This finding—that we find people more likable merely because we are associated with them in some way—has a natural corollary: we also tend to favor in-group members in our social and business dealings, and we evaluate their work and products more favorably than we might otherwise, even if we think we are treating everyone equally.7 For example, in one study researchers divided people into groups of three. Each group was paired with another, and then each of the paired groups was asked to perform three varied tasks: to use a children’s toy set to make a work of art, to sketch a plan for a senior housing project, and to write a symbolic fable that imparts a moral to the reader. For each task, one member of each group in the pair (the “nonparticipant”) was separated from his or her cohorts, and did not take part in the tasks. After each pair of groups had completed a task, the two nonparticipants were asked to rate the results of the efforts of both groups.

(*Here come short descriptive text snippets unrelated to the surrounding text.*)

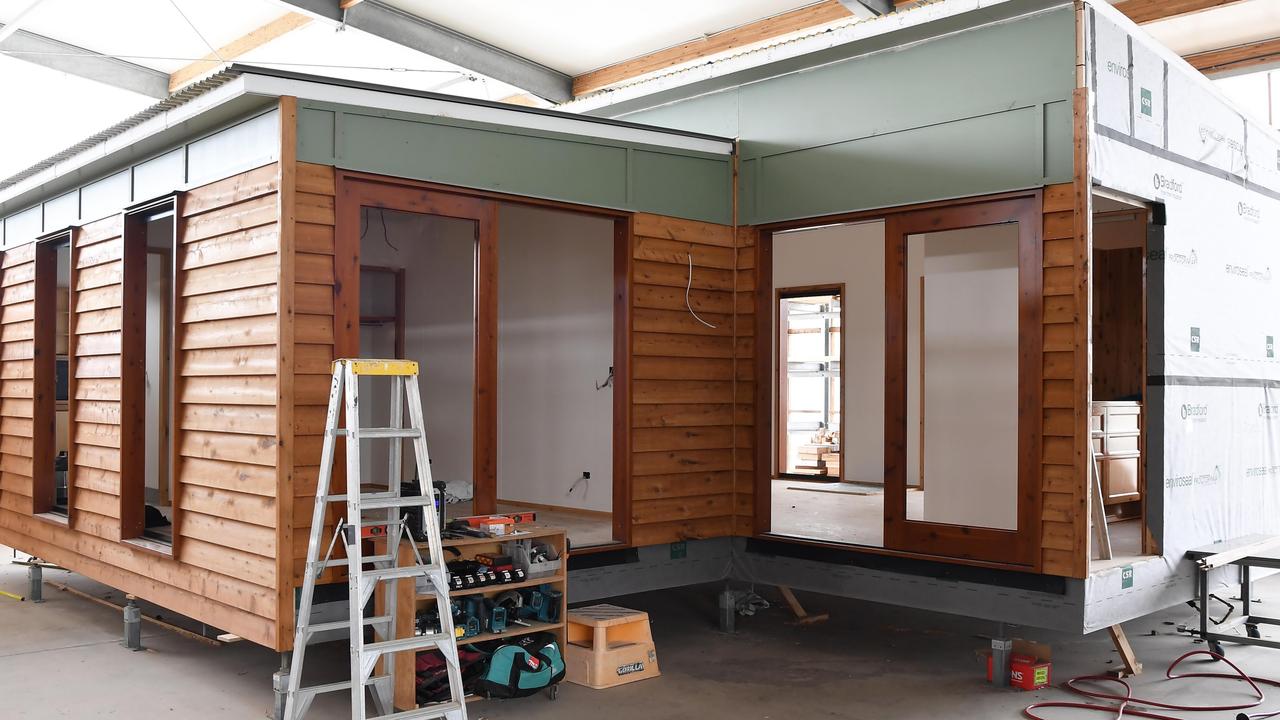 An eco cottage under construction. Picture: Patrick Woods.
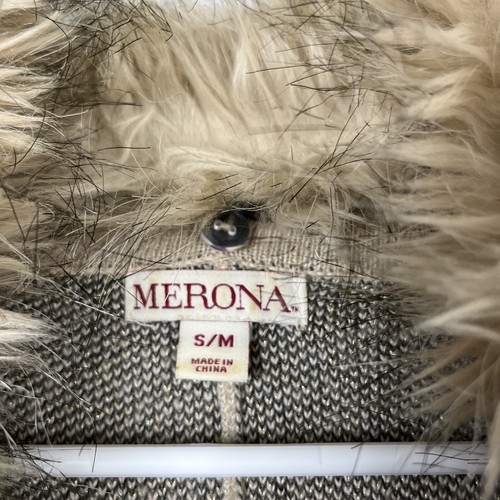 Merona Women Cape Poncho Shawl Small/Medium Beige Black Stripes Faux Fur Collar - Picture 7 of 8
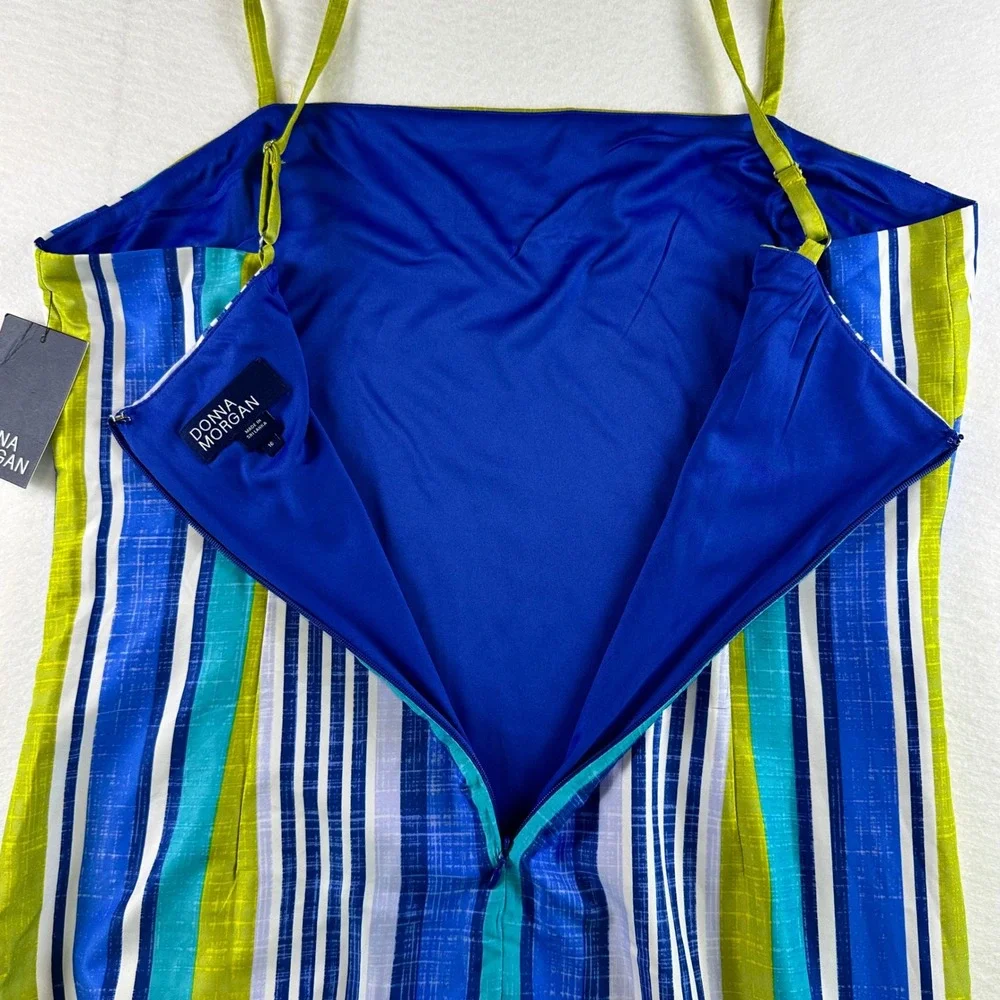 Donna Morgan Lime Blue Striped Maxi Dress Spaghetti Strap Side Slit Size 16 NEW - Picture 12 of 16
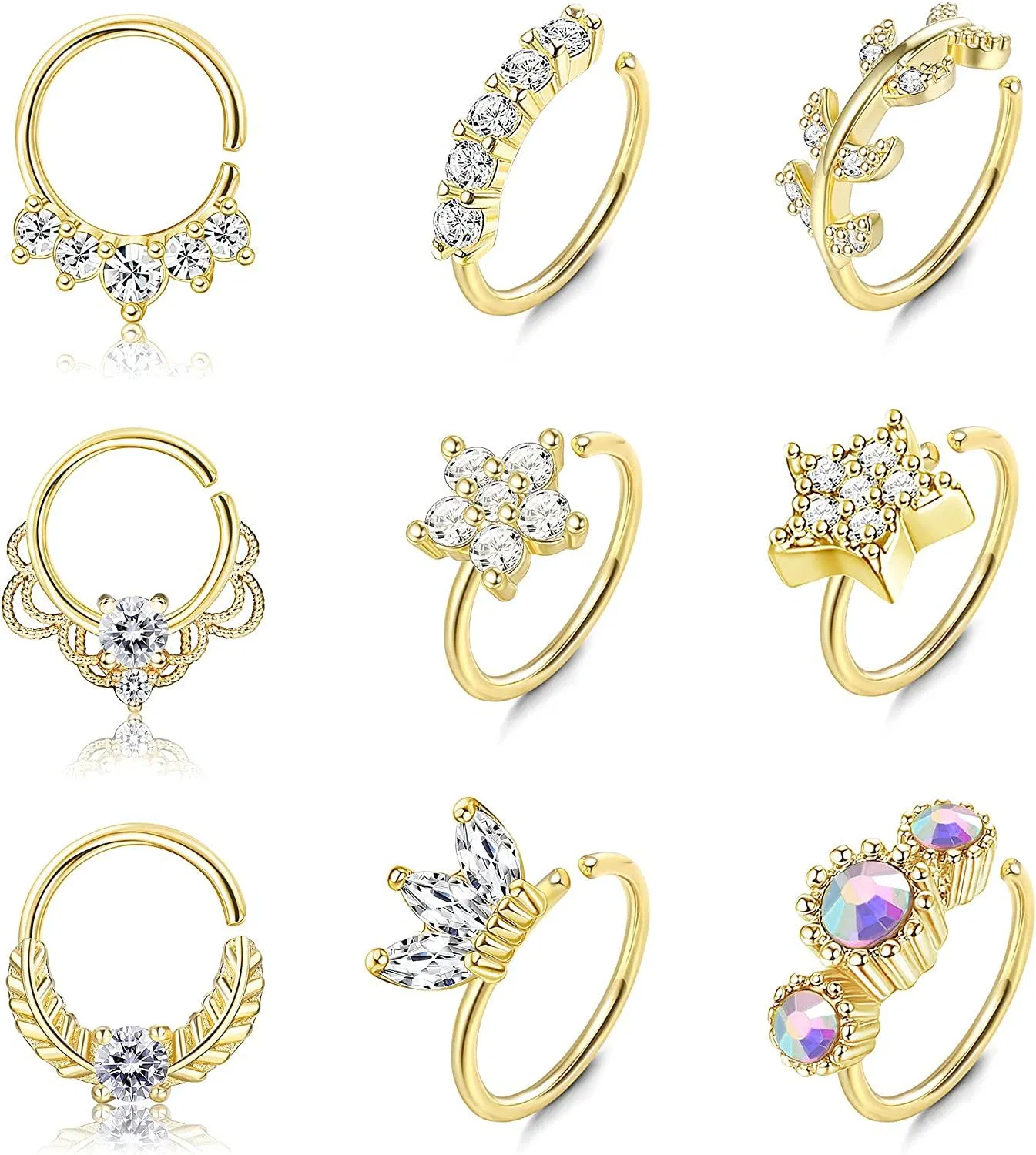 9Pcs 20G Edelstahl Nasen Ringe Schleife für Frauen Männer gepflastert CZ süße Knorpel Helix Ohrringe Schleife Körper Piercing für Nase Ohr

The nonparticipants had no vested interest in the products their in-group had turned out; nor had the groups been formed with regard to any distinctive shared qualities. If the nonparticipants had been objective, therefore, you’d think that on average they would have preferred the products of their out-group just as often as they preferred those of their in-group. But they didn’t. In two cases out of three, when they had a preference, it was for what their in-group had produced.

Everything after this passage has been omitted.